Alert Severity Matrix Cheat Sheet
A four-row table that ends the "is this a Sev-2 or a Sev-3?" debate. Paste it into your runbook and stop arguing during pages.
Sev-1, critical, customer-facing
The product is down or unusable for a meaningful chunk of paying customers. Money is leaving the building per minute. Wake people up.
- Trigger: complete outage, data loss, security breach, payment failure, >25% error rate on critical path
- Response time: 5 minutes (page acknowledged)
- Channel: PagerDuty page (loud), dedicated
#inc-sev1-<ID>channel, video bridge - Escalation: primary on-call → secondary at +10m → engineering manager at +20m → VP at +30m
- Comms cadence: status page within 15m, customer email at 30m, internal update every 30m
- Roles required: Incident Commander, Comms Lead, Tech Lead, separate humans
- Exit criteria: error rate < baseline for 30m, status page resolved, customer email sent, post-mortem scheduled within 48h
Sev-2, major degradation
Significant customer impact but the product still mostly works. Page during business hours; on-call during off-hours.
- Trigger: 5-25% error rate, p95 latency >3× baseline, single region down with failover working, key feature broken
- Response time: 15 minutes
- Channel: PagerDuty page,
#inc-sev2-<ID>channel, optional video bridge - Escalation: primary on-call → secondary at +20m → manager at +60m
- Comms cadence: status page within 30m if customer-visible, internal update hourly
- Roles required: Incident Commander + Tech Lead can be the same person if needed
- Exit criteria: error rate < baseline for 30m, status page updated, post-mortem scheduled within 5 business days
Sev-3, minor issue or warning
Customers may notice; product is broadly fine. Ticket, no page outside hours.
- Trigger: error rate > baseline but < 5%, single non-critical service degraded, slow burn rate, internal tooling broken
- Response time: 1 hour during business hours, next morning otherwise
- Channel: ticket in queue, ping in
#oncallSlack channel - Escalation: ticket-owner team lead at +24h if untouched
- Comms cadence: usually none; status page only if customers report
- Roles required: one engineer
- Exit criteria: ticket closed, root cause noted, no post-mortem unless pattern repeats
Sev-4, cosmetic or signal
Things that should be fixed but don't move the needle. The triage backlog.

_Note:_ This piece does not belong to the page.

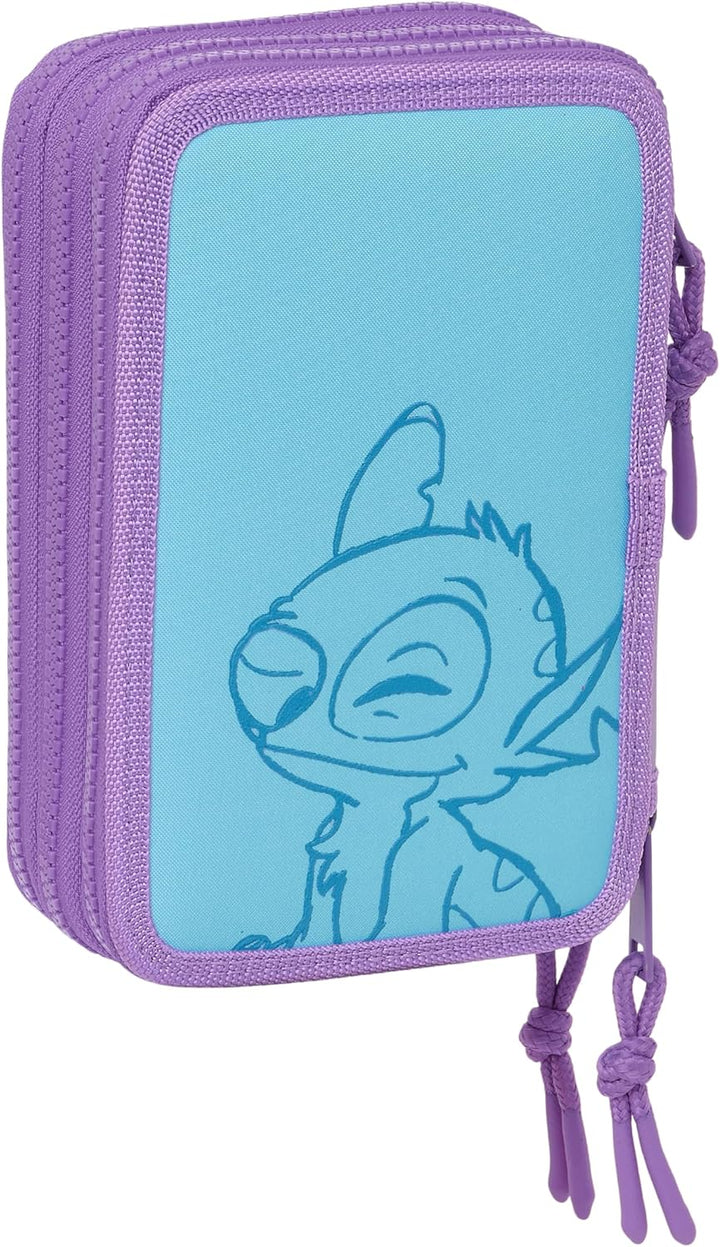Stitch Sweet Schulmäppchen mit 36 Utensilien, Federmäppchen für Kinder, ideal für Kinder von 5 bis 1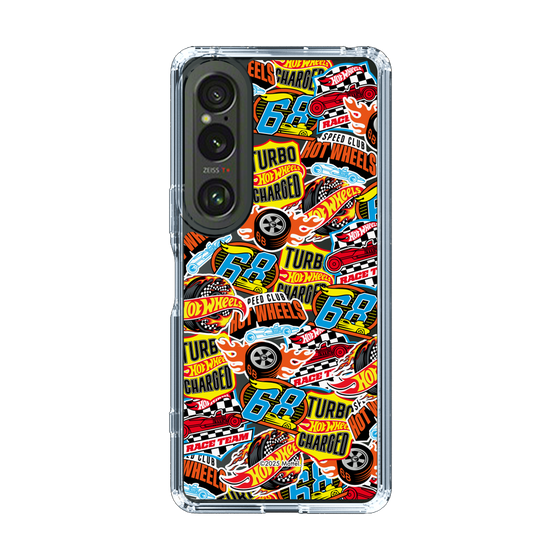 スリムプロテクションケース［ Hot Wheels™ - ステッカー ］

- Trigger: dashboard typo, stale doc, near-miss alert, single failed batch job that retried successfully
- Response time: this sprint or next
- Channel: ticket in normal backlog
- Escalation: none, closed if not picked up in 30 days
- Comms cadence: none
- Roles required: whoever picks it up
- Exit criteria: ticket closed or cancelled
Rules of thumb
The matrix is a starting point, not a contract. Three principles keep it honest.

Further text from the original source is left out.